We cannot zero this correlation with a finite sample size, but after enough steps it should become negligible. So in practice, a burn-in period is used – this just means we ignore the first $b$ draws, yielding $\left\lbrack \mathbf{X_{b + 1}},\ldots,\mathbf{X_{n}} \right\rbrack$ rather than $\left\lbrack \mathbf{X_{1}},\ldots,\mathbf{X_{n}} \right\rbrack$.

As an aside, a common practice in Gibbs sampling is recording only every $q^{th}$ sample after the burn-in period. If, for example, $n = 21$, $b = 10$, and $q = 5$, our sample would be $\lbrack X_{11},X_{16},X_{21}\rbrack$. This is referred to as thinning. As Geyer shows, thinning does reduce autocorrelation in our final sample, but it also increases the variance of estimates based on the sample. However, thinning may still be useful when the cost of sampling is quite low compared to the post-sample cost of estimation. This tradeoff is explored in more detail by Owen.

Another important property, encompassed by the reasonable conditions mentioned above, is that for highly correlated $X^{(i)},X^{(j)}$, Gibbs sampling becomes very slow to converge. For instance, suppose $X^{(1)} = X^{(2)}$ always, so our sample space is $\Omega = \{(c,c) \vert c \in R \}$, and we initially set $\left( x_{1}^{(1)},\ x_{1}^{(2)} \right) = (a,a)$. The conditional distribution is $g_{1}\left( x^{(1)} \vert x_{1}^{(2)} \right) = a$, so our draw gives $x_{2}^{(1)} = a$. But we already had $x_{1}^{(1)} = a$!

In this case of perfectly correlated variables, it becomes apparent that our Gibbs sample will never yield any point other than $(a,a)$. In this case, we had perfectly correlated variables. But even for very highly correlated variables, our Gibbs sample may take impractically long to converge to the true joint distribution $k$. Gibbs sampling reduces a multivariate problem to a series of univariate problems, but in some cases this is an oversimplification.

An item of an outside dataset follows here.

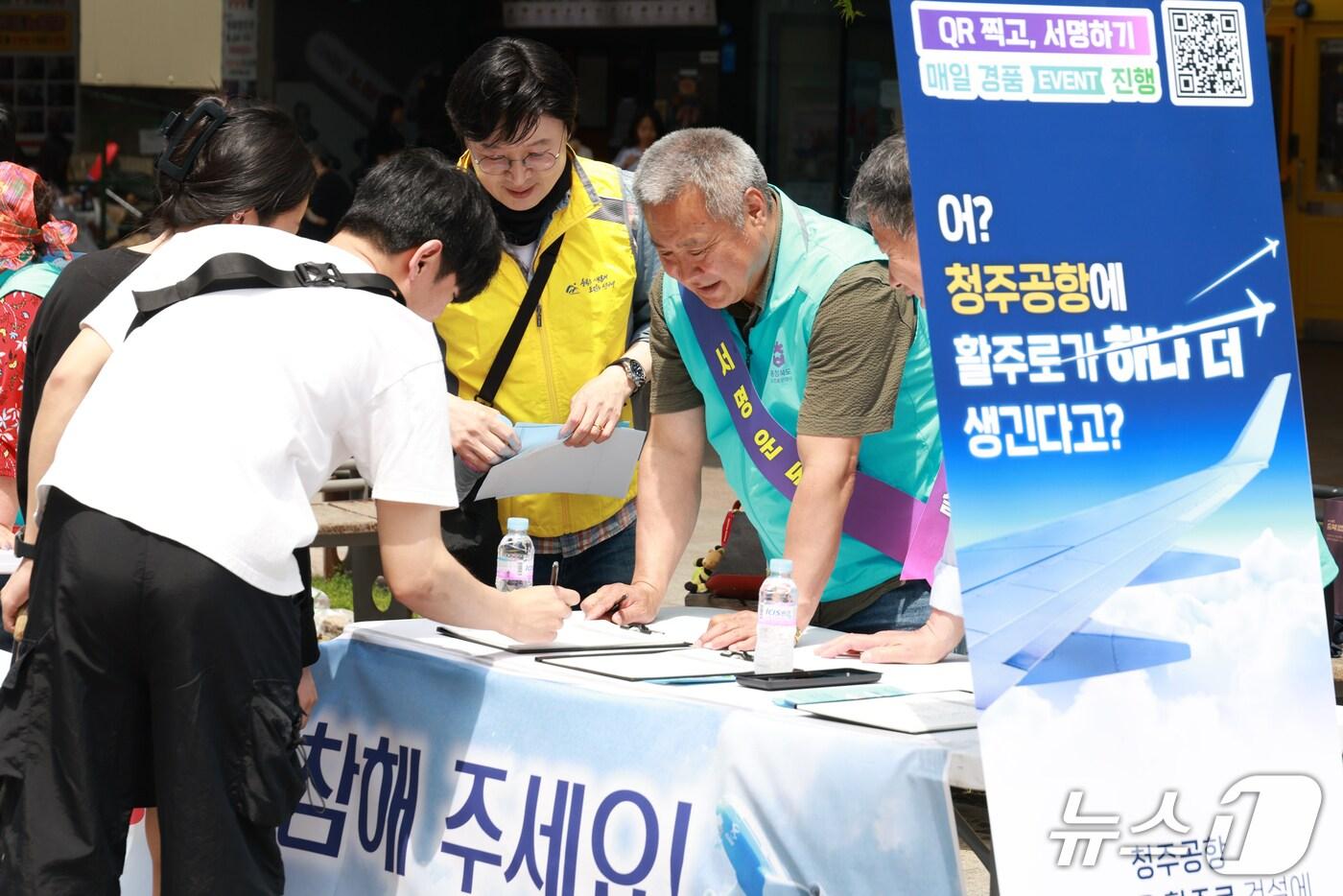 본문 이미지 - 17일 충북도 도민홍보대사들이 청주시 성안길에서 청주공항 민간 활주로 건설을 촉구하는 서명운동을 펼치고 있다.(충북도 제공. 재판매 및 DB금지) /뉴스1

In our definition of the Gibbs sampler, we repeatedly sample the conditionals in a fixed order, which is referred to as systematic scan. Clearly, changing the scan order can affect the path of the Markov chain, thus producing a different sample. It is natural to ask how big that effect can be, and He et al explored that question. In particular, they compared systematic scan to random scan, in which the order of conditionals for the entire sample is a sequence of iid variable choices. For instance, systematic scan with two variables $m = 2$ and sample size $n = 3$ yields either $(x_{1},x_{2},x_{1},x_{2},x_{1},x_{2})$ or $(x_{2},x_{1},x_{2},x_{1},x_{2},x_{1})$ as the scan order. On the other hand, random scan could yield a scan order of $(x_{2},x_{1},x_{2},x_{2},x_{2},x_{1})$; each conditional need not be sampled exactly $n$ times. Additionally, He et al frequently refer to a best systematic scan, and a worst systematic scan, which are intuitively the systematic scan orders yielding the minimum and maximum mixing times.

It was previously conjectured that these three scans (best systematic, worst systematic, and random) could not differ in mixing time by more than a constant factor. This paper constructed specific counterexamples, and proved that mixing time could in fact differ by up to a polynomial factor. In the table below, note that the two islands model (data is divided into two clusters) mixes exponentially slowly. One can think of it as a nearly-reducible Markov chain.


Figure 3

These relatively new findings have immense practical implications. In practice, Gibbs sampling may not be appropriate for certain datasets. And even when it is, quality of results may depend heavily on scan order. How to choose a good scan order is a topic for future research. Regardless, great care must be taken to verify whether an implementation of Gibbs sampling is appropriate for sampling from a particular $k$.